We note that our new measurements indicate that while ICAN /TRPM4 activation is not involved in rhythm generation under baseline conditions of network excitability, since inhibiting this current does not significantly affect the rhythm, we also show that reducing this current does shift the frequency tuning curve at higher levels of network excitation. This occurs because activation of this current augments excitatory synaptic interactions, which can affect network bursting frequency. As discussed above, these observed effects of reducing ICAN /TRPM4 on bursting frequency at elevated levels of network excitation, which we were able to reveal with our photostimulation paradigm, is a basic feature and entirely consistent with predictions of our model.

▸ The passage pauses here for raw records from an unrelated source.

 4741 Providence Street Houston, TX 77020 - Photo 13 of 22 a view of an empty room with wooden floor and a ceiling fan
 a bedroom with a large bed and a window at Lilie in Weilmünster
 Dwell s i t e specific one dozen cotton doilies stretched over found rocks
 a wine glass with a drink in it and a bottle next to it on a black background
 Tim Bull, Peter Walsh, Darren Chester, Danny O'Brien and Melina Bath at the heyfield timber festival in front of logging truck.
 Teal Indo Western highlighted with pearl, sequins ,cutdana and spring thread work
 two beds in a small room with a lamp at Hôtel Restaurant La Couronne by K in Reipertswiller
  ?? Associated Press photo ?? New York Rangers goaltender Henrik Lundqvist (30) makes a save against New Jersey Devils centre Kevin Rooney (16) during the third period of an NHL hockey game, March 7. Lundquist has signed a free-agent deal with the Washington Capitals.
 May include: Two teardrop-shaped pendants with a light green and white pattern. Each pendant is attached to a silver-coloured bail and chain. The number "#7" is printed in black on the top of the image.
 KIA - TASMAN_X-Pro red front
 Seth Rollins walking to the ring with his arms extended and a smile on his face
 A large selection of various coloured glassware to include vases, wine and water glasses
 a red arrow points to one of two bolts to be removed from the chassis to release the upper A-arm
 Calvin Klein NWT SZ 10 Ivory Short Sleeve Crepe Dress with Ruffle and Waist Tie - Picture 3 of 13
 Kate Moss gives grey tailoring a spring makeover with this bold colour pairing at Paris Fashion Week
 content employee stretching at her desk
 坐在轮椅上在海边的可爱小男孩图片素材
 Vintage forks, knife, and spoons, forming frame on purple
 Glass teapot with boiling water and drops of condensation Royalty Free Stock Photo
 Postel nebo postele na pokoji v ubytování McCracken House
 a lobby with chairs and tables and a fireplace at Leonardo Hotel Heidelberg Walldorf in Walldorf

Our new experimental results confirm our previous experimental and modeling results indicating that endogenous activation of ICAN /TRPM4 is critically involved in generating the amplitude of population activity but not the rhythm, which is also consistent with results from a genetic knockdown study of TRPM4 channels in preBötC neurons in vivo (Picardo et al., 2019). The correspondence between the experimental data and model predictions supports the concept in the model that activation of ICAN is largely due to synaptically activated sources of neuronal Ca2+ flux such that ICAN contributes to the excitatory inspiratory drive potential and regulates inspiratory burst amplitude by augmenting the excitatory synaptic current. Our data also show that INaP is involved, to a smaller degree, in generating the amplitude of rhythmic population activity at a given level of excitatory network excitation. This is due to the subthreshold activation of INaP and its voltage-dependent amplification of synaptic drive; indeed, application of riluzole, which is thought to impact synaptic transmission, affected population amplitude much more than application of TTX (Figures 4 and 8). This contribution to amplitude is smaller than that from ICAN /TRPM4 activation, however. In general, our results support the concept from our original model that ICAN activation in a subpopulation of preBötC excitatory neurons is critically involved in amplifying synaptic drive from a subset of neurons whose rhythmic bursting is critically dependent on INaP . This latter subpopulation forms the kernel for rhythm generation in vitro.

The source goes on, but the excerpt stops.